++++ Extracted information ++++

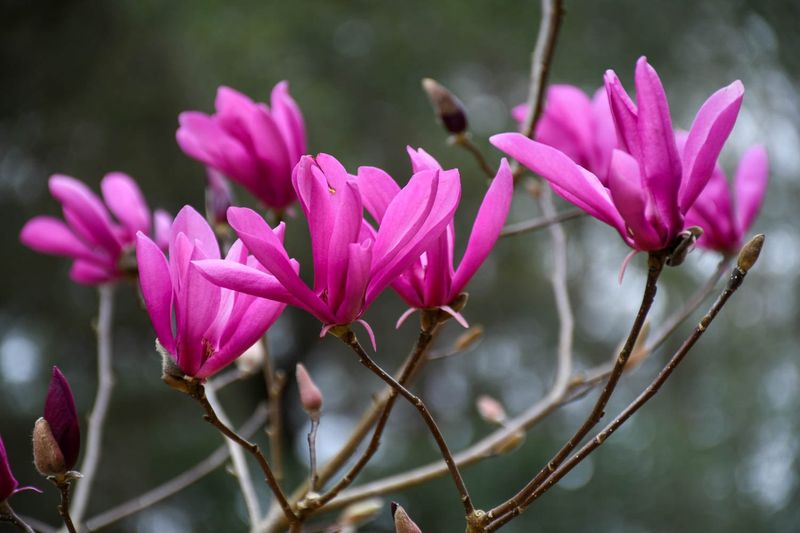 Magnolia 'Susan'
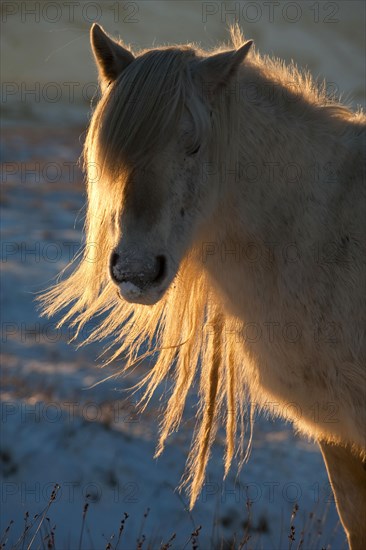 Fur pony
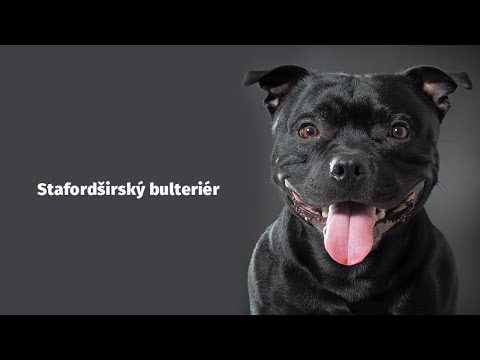 Stafordširský bulteriér - Atlas plemen - Tlapka TV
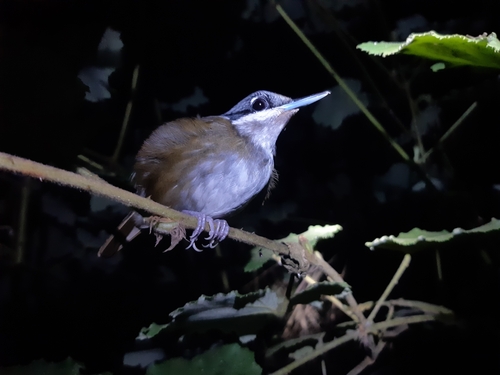 iNaturalist image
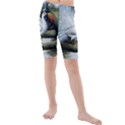 Canvas Oil Painting Two Peacock Kids  Mid Length Swim Shorts View1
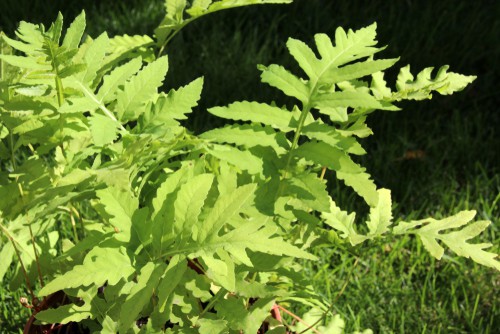 Onoclea sensibilis - the ideal fern for a shady area of the garden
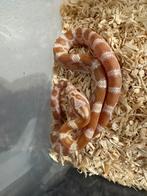 Saffron rattenslang 0.1, Dieren en Toebehoren, Slang, 0 tot 2 jaar
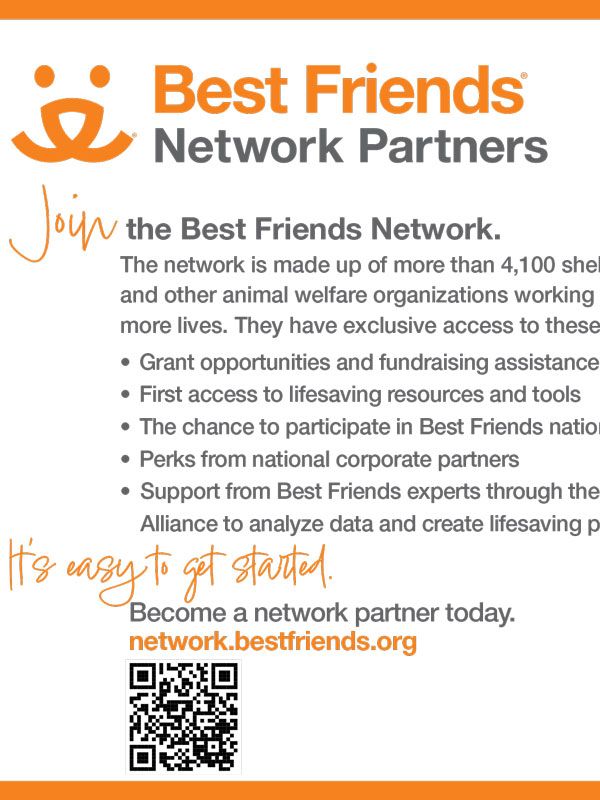 Best Friends Network Partners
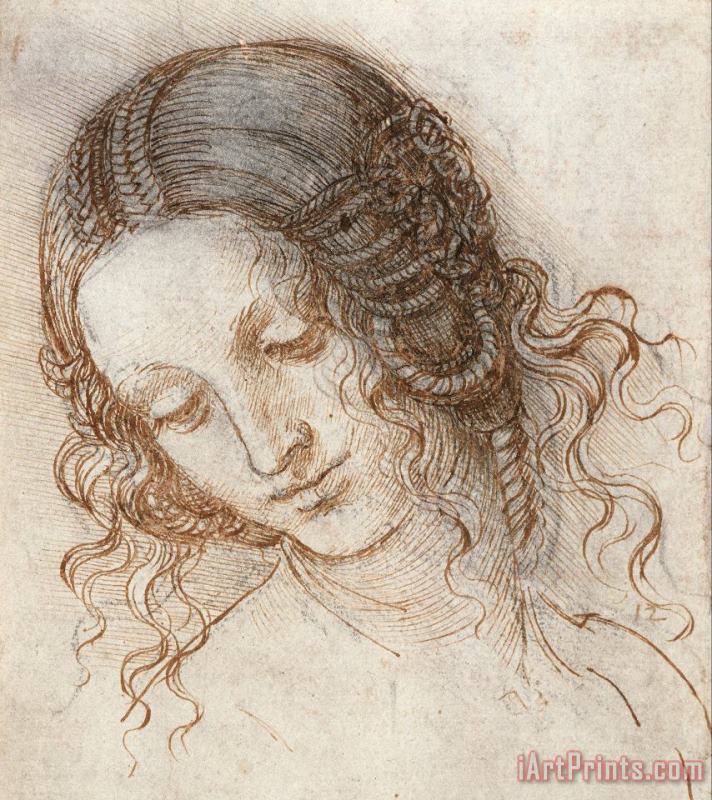 Leonardo da Vinci Leonardo Head Of Woman Drawing Art Print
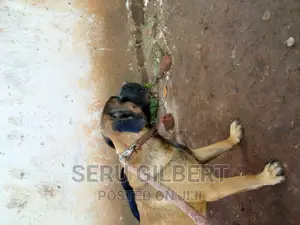 6-12 months Male Purebred Boerboel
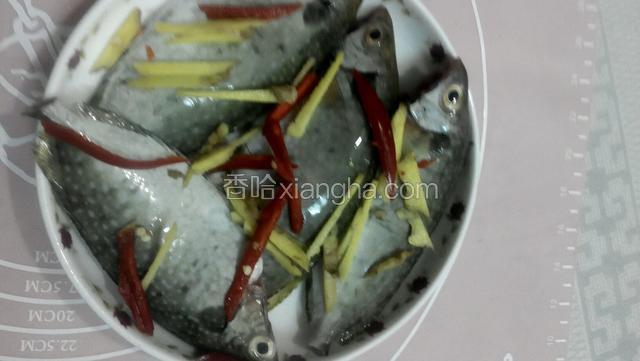 鱼摆好盘把辣椒姜放上面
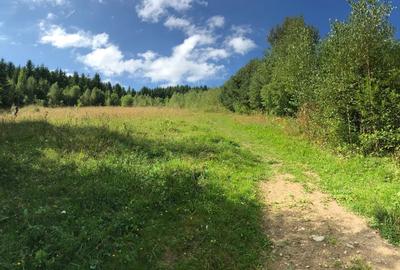 Teren vanzare Sandominic (Balan), Harghita - 4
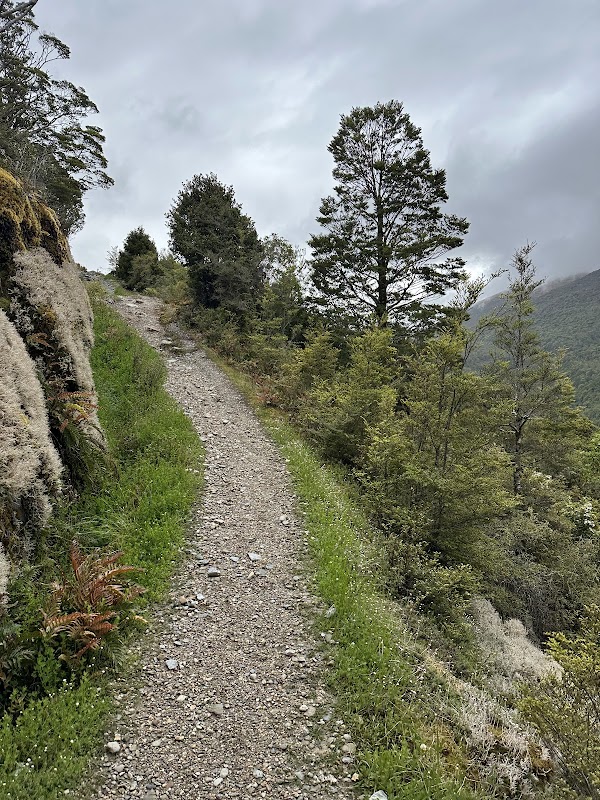 Haast Pass Lookout 5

++++

* What is expected: Look above for the line with "Stafordširský bulteriér - Atlas", then give again exactly every line from there through the line with "6-12 months Male Purebred Boerboel", skipping the pictures.

* Result:
 Stafordširský bulteriér - Atlas plemen - Tlapka TV
 iNaturalist image
 Canvas Oil Painting Two Peacock Kids  Mid Length Swim Shorts View1
 Onoclea sensibilis - the ideal fern for a shady area of the garden
 Saffron rattenslang 0.1, Dieren en Toebehoren, Slang, 0 tot 2 jaar
 Best Friends Network Partners
 Leonardo da Vinci Leonardo Head Of Woman Drawing Art Print
 6-12 months Male Purebred Boerboel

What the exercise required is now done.